3.3 Urine miRNA extraction from MNPs-protein pellet. Since miRNA-binding proteins were found in MNPs-protein pellets isolated from rat urine, we further hypothesized that miRNAs could be extracted from these pellets. Trizol and chloroform were used to isolate miRNA from three urine samples collected and aliquoted from different rats. To eliminate the interference of MNPs that had strong absorbance at OD 230-290 nm (Supplement Figure S2), miRNeasy mini spin columns were used to purify miRNA. In comparison, miRNA extraction was also performed by adding Trizol reagent directly into urine samples. The urine protein concentration and the total amount of miRNA were shown in Table 4 and Figure 3a.
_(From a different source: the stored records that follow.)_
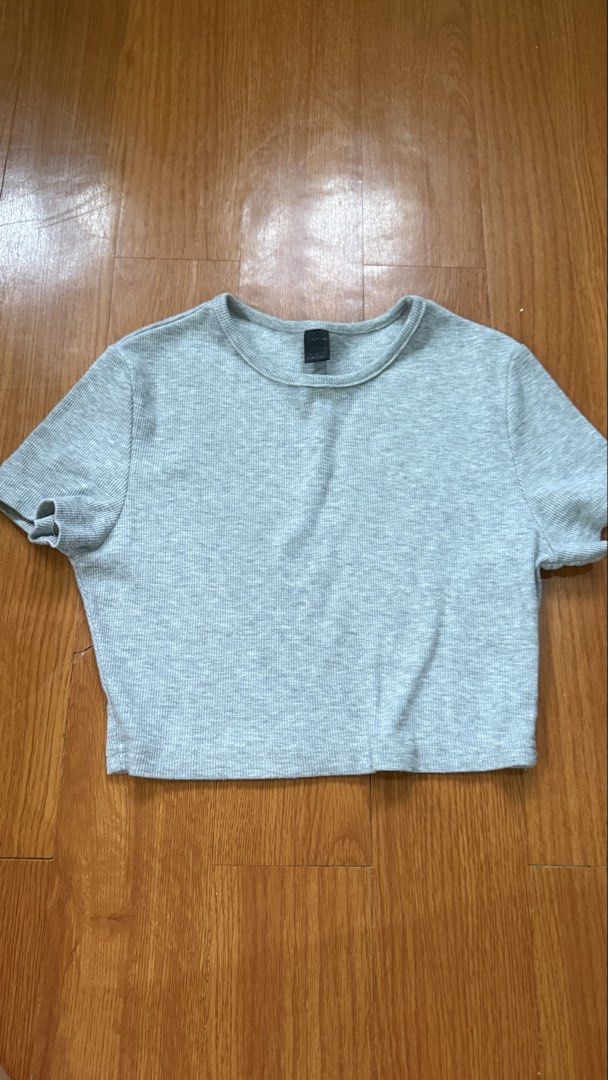 Grey Ribbed Cropped T-shirt (Category: Shirts) located in Antipolo. Submitted by japanese.siomai (Listing ID 1463797025, Image 1). Description: - Grey ribbed cropped t-shirt - Short sleeves - Cute cutout detail on the left sleeve - Simple and versatile - Great for casual wear or layering.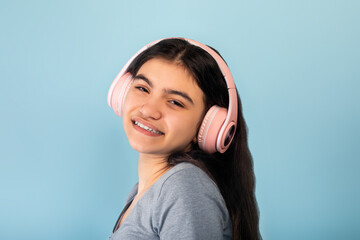 Indian teen girl in casual wear listening to music in pink wireless headphones, enjoying cool song on blue background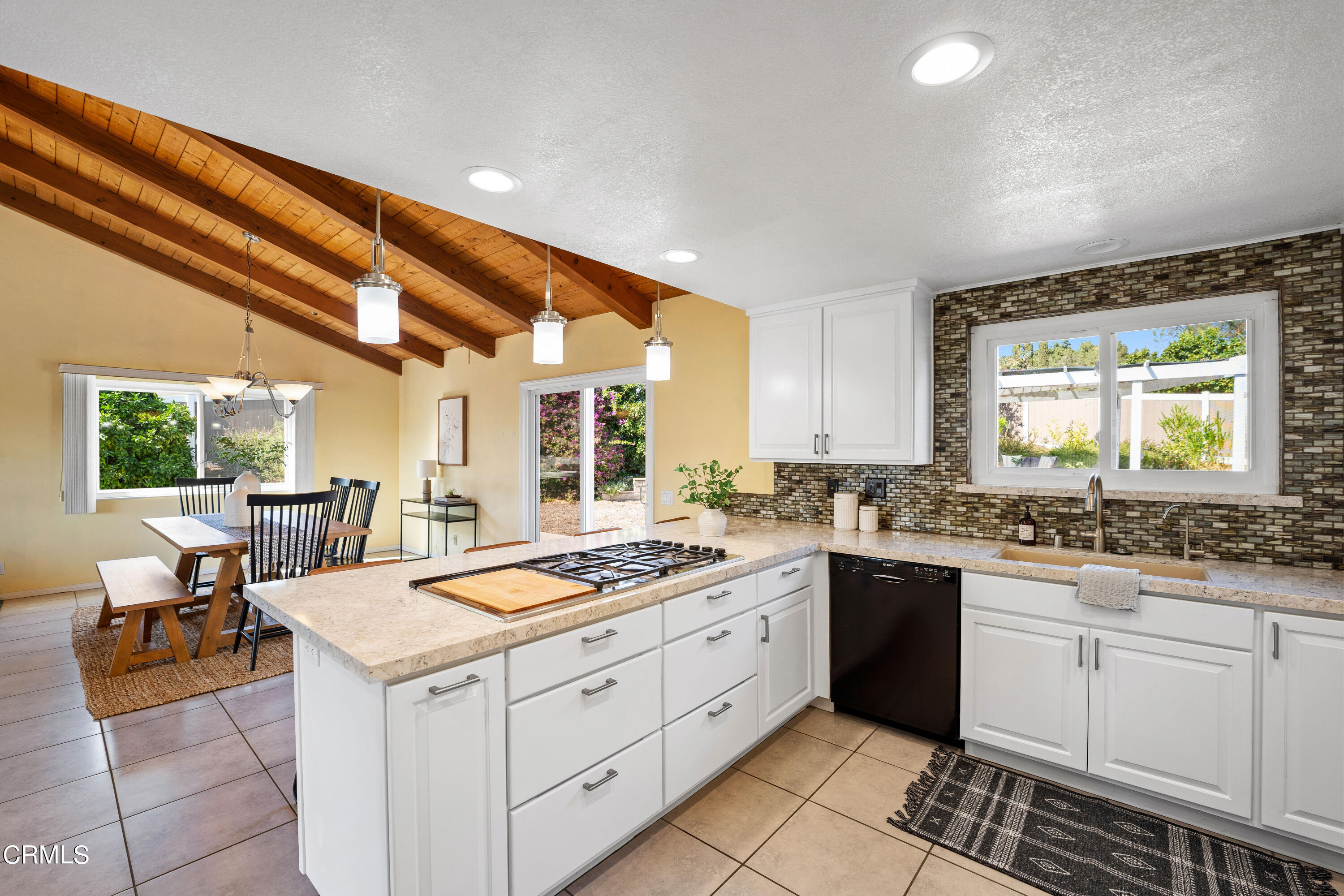 531 Ridgeline Drive Oak View, CA 93022 - Photo 15 of 36 a kitchen with a sink stove and cabinets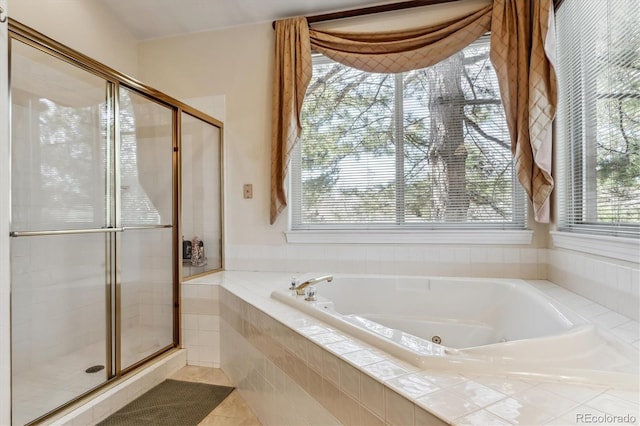 bathroom featuring a shower stall, tile patterned floors, and a whirlpool tub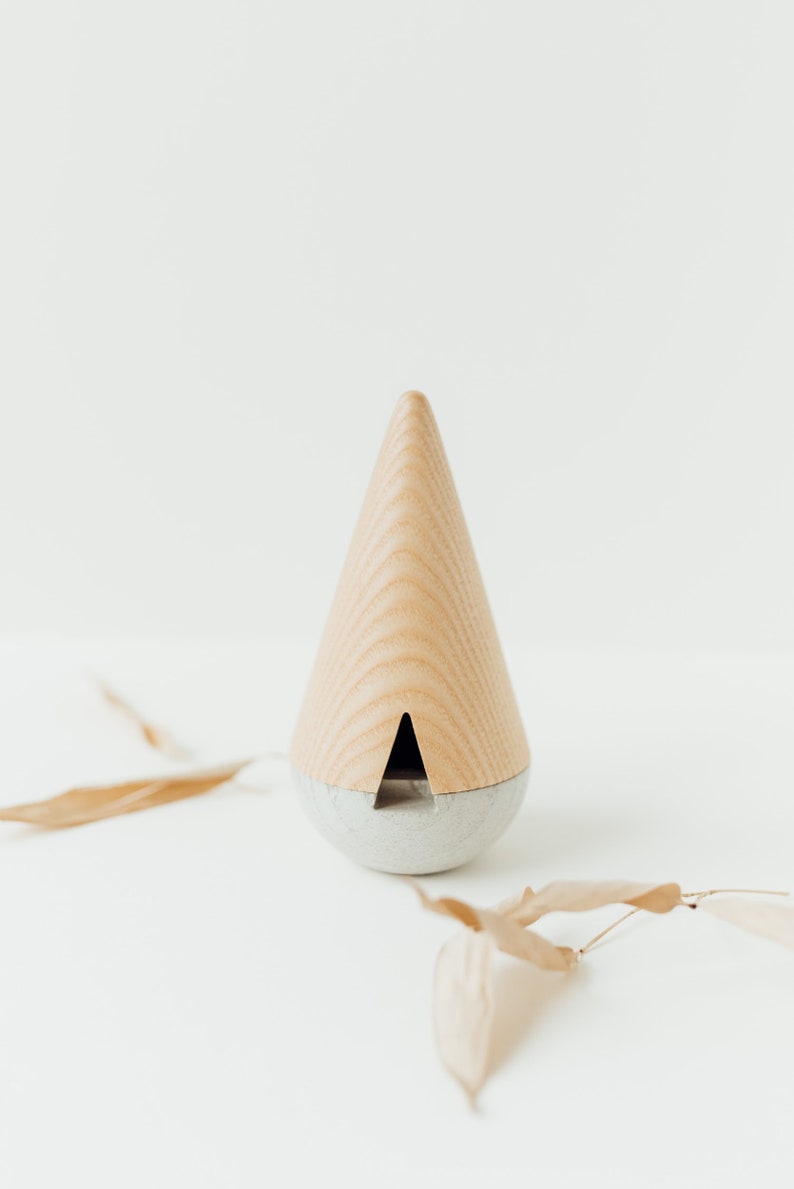 May include: A wooden cone-shaped incense burner with a gray base. The incense burner is on a white surface with dried leaves.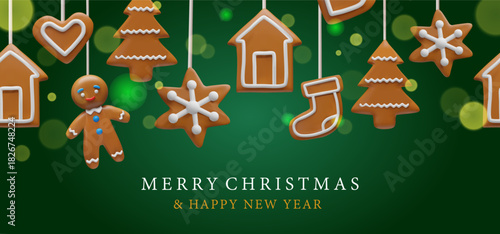 Christmas banner featuring hanging gingerbread cookies shaped like trees, stars, houses, hearts, stockings, a gingerbread man, with icing. The cookies appear against a deep green festive background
The extraction yield of total urine miRNA increased by 30-50% when MNPs were used to enrich proteins with reduced reagent use and operating time. Table 4. Summary of total miRNA extract from urine samples Samples number #1 #2 #3

Protein concentration (µg/ml) 183.1 ± 0.6 114.0 ± 0.4 128.2 ± 0.5

MNPs-COOH applied (µg/ml) 500 310 350

Total miRNA (µg/ml) MNPs enrichment 1.79 ± 0.04 1.05 ± 0.03 1.23 ± 0.04

Trizol directly 1.04 ± 0.03 0.69 ± 0.04 0.80 ± 0.06

We also compared the extraction yield of miRNAs from MNPs pellets and ultracentrifugation pellet of sample #1. Total amount of miRNA extracted from 5 ml of ultracentrifuged urine pellet was 0.8 ± 0.02 µg, which corresponded to 0.16 µg of total miRNA in crude exosome from 1 ml of urine (Figure 3b). This accounted for only 9.0 % of the total miRNA yield from MNPs pellets, which was consistent with the previous report 12-13.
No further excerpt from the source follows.